Start of GIVEN RECORDS
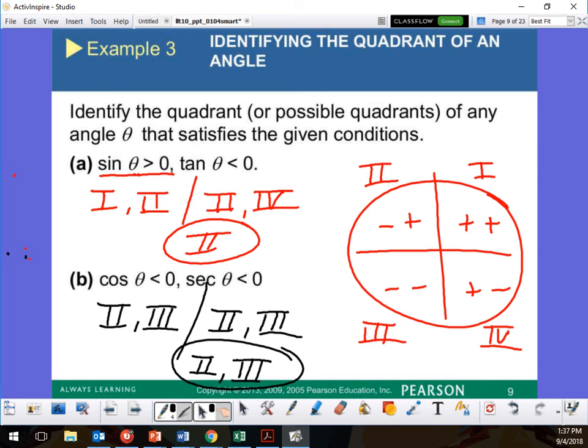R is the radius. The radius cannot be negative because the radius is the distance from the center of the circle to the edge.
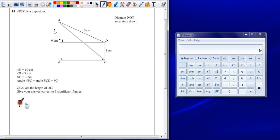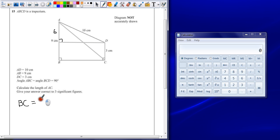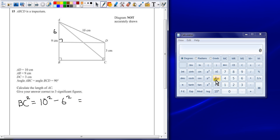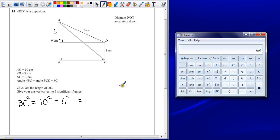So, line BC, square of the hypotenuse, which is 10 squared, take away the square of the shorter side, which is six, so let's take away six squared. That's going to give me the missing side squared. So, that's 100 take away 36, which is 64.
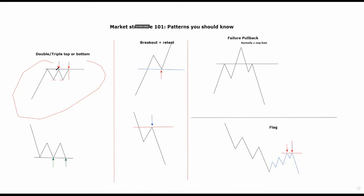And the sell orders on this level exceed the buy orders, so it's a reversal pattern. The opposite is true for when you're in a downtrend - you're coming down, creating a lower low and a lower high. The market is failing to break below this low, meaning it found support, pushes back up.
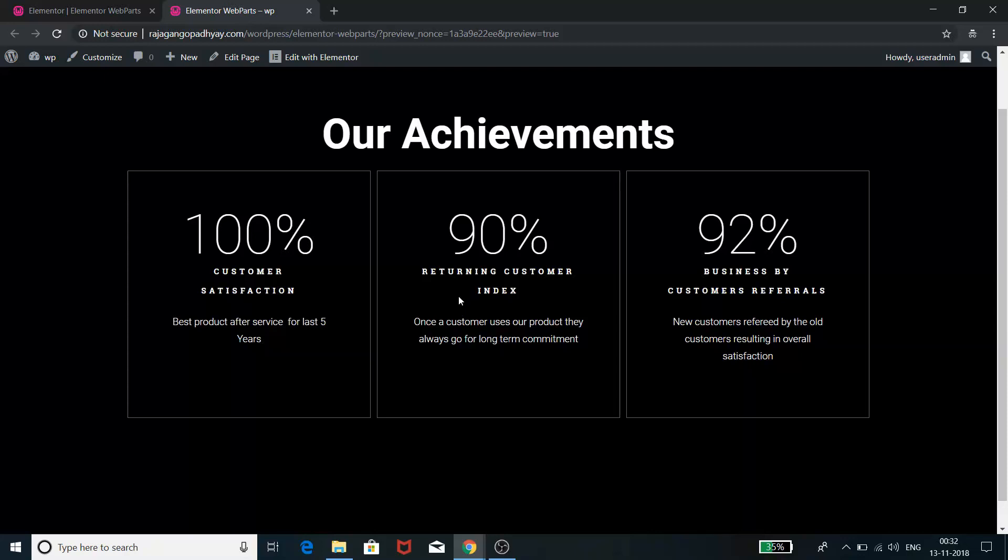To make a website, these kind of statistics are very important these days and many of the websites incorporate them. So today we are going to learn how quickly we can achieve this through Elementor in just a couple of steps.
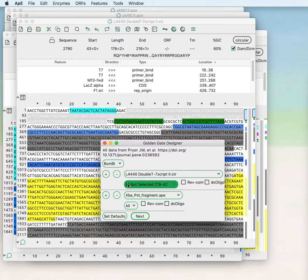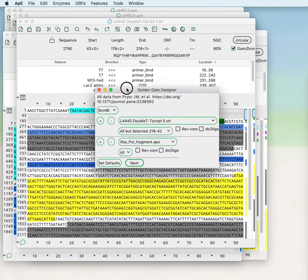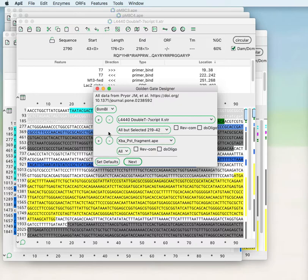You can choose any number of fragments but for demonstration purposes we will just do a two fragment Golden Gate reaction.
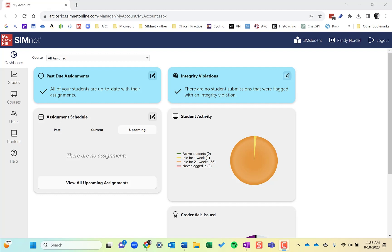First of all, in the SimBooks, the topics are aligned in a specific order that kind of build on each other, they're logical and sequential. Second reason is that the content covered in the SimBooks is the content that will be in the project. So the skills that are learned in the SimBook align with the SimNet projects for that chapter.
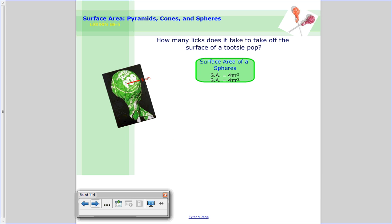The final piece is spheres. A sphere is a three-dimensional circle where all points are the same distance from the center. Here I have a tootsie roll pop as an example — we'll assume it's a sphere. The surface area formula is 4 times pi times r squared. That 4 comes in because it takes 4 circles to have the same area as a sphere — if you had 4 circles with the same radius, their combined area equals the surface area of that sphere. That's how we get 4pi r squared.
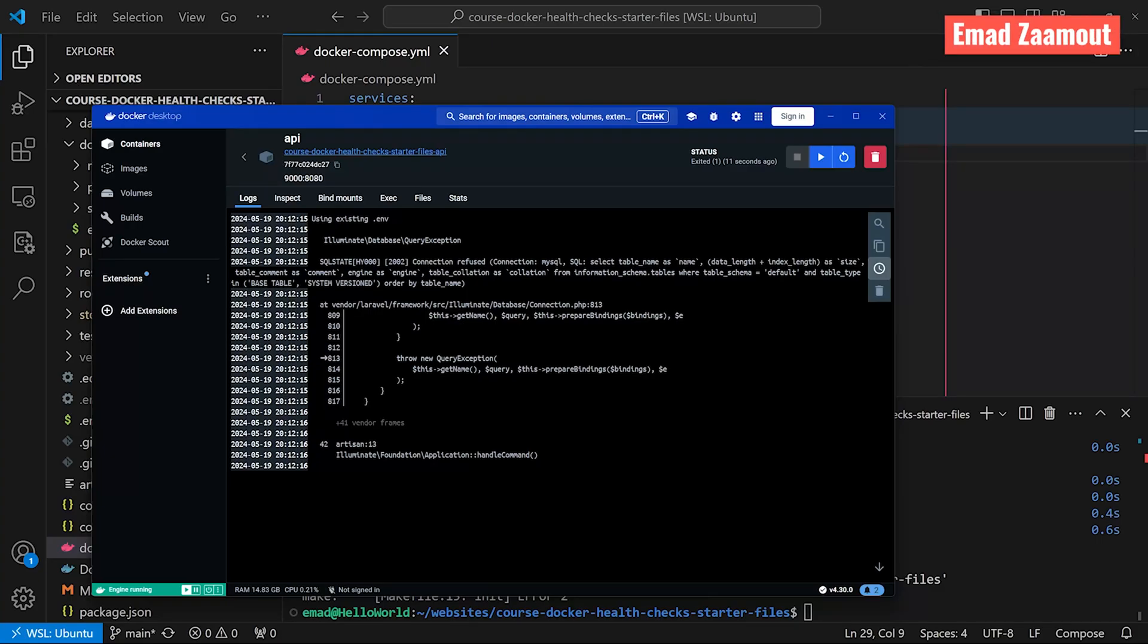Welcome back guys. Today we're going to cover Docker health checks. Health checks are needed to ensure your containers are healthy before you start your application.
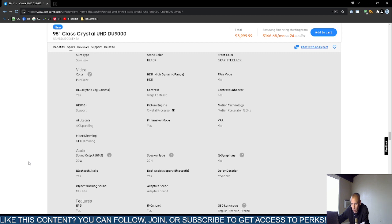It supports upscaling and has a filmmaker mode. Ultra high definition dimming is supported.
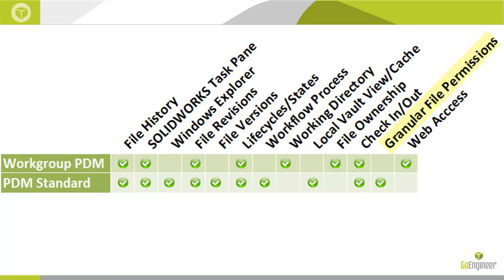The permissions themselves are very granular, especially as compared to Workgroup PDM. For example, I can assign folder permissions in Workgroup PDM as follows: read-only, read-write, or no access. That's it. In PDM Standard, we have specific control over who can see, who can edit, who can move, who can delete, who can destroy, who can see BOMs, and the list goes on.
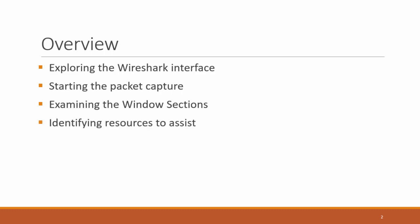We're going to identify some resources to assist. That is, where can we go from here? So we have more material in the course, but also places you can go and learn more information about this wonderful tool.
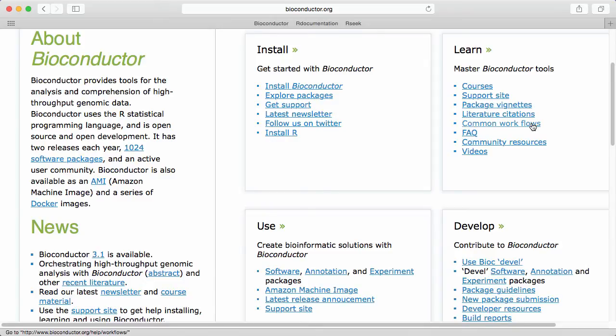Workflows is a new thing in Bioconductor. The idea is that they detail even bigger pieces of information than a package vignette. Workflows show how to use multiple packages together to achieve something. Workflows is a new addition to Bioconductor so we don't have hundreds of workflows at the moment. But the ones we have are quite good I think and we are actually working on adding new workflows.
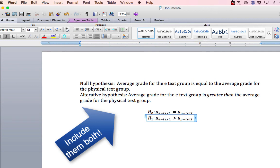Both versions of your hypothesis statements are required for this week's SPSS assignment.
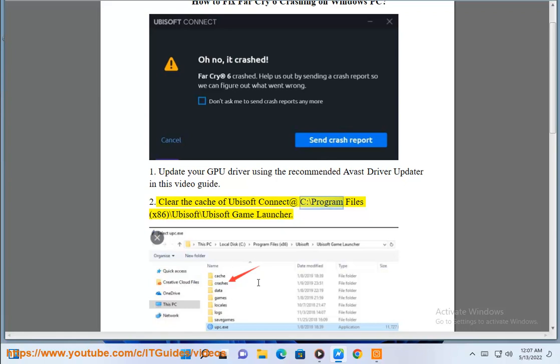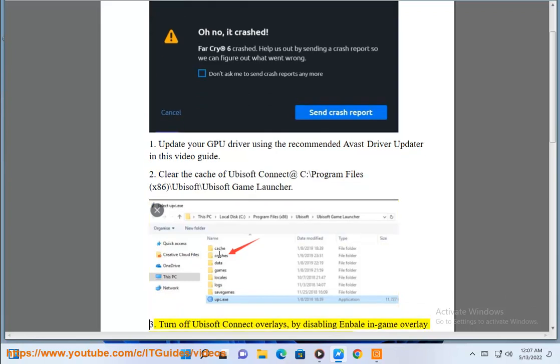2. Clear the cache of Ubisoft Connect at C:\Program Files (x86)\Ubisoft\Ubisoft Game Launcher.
End of GIVEN RECORDS
## WORK TASK
The answer consists of the lines from the one holding "Both versions of" to the end of the records, inclusive, restated exactly and without pictures.

## ANSWER SPACE
Both versions of your hypothesis statements are required for this week's SPSS assignment.
2. Clear the cache of Ubisoft Connect at C:\Program Files (x86)\Ubisoft\Ubisoft Game Launcher.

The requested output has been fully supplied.